My four choices from the Executives/Pioneers ballot were Miller and Ruppert (who both came close) and Breadon and Howsam (who both did not). Just a reminder: There are 11 owners in the Hall of Fame, and Breadon accomplished more than almost all of them. Before Breadon owned the Cardinals, they hadn't won any sort of championship since the 1880s. While Breadon owned the Cardinals, they won nine National League pennants and six World Series. In the 60-some years since Breadon sold the Cardinals, they've won three World Series. With the exception of George Steinbrenner, it's hard to imagine who might clear the bar for owners if Breadon can't even come close. (Oh, and by the way, Fetzer's Tigers won one American League pennant and one World Series in his 28 years as owner. One can only assume that he nearly gained election because he played a pivotal role in negotiating TV contracts. Or something.)

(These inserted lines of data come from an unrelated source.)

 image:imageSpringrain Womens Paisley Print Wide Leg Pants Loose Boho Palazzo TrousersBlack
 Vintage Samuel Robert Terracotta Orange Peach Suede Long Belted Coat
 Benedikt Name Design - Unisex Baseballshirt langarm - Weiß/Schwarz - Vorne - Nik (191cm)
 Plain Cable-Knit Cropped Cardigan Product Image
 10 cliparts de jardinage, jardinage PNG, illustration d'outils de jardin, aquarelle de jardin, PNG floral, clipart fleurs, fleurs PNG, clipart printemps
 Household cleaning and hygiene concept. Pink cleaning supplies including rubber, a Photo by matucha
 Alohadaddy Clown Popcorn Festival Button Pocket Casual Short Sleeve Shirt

My three choices from the Managers/Umpires ballot were Doug Harvey, Billy Martin, and umpire Hank O'Day. Harvey should have been elected a long time ago. O'Day, because he umpired a century ago, is easy for some voters to ignore. In response, a commenter wrote this:
    You seem to ignore the fact that Billy Martin routinely took the very good teams he created and routinely destroyed them, mostly by the same method. He wore out his best pitchers arms' by overwork (What he did to Ron Guidry alone should disqualify him for the Hall of Fame) and he micromanaged his players, who eventually got tired of playing for him. He usually deserved to be fired, which is not great credentials for the Hall of Fame.

Point taken. I suspect that I fall victim to the same impulse that often afflicts the real voters: the desire to vote for someone, even if there's no obviously deserving candidate. I also suspect that this impulse explains Herzog's election. He picked up 14 of 16 possible votes? After failing to gain election in many previous elections? Herzog's 1,281 wins rank just 32nd all-time, and his .532 career winning percentage is good but not great. I suspect that he was elected because he (and his teams) had a personality -- in St. Louis, they called it "Whiteyball" -- and because his teams did win six division titles and three league championships.

Essentially, Herzog doesn't obviously rank among the managers already in the Hall of Fame -- or for that matter, with Tony La Russa, Bobby Cox, and Joe Torre -- but was (arguably) the best candidate on the ballot. It's more fun to elect someone than not.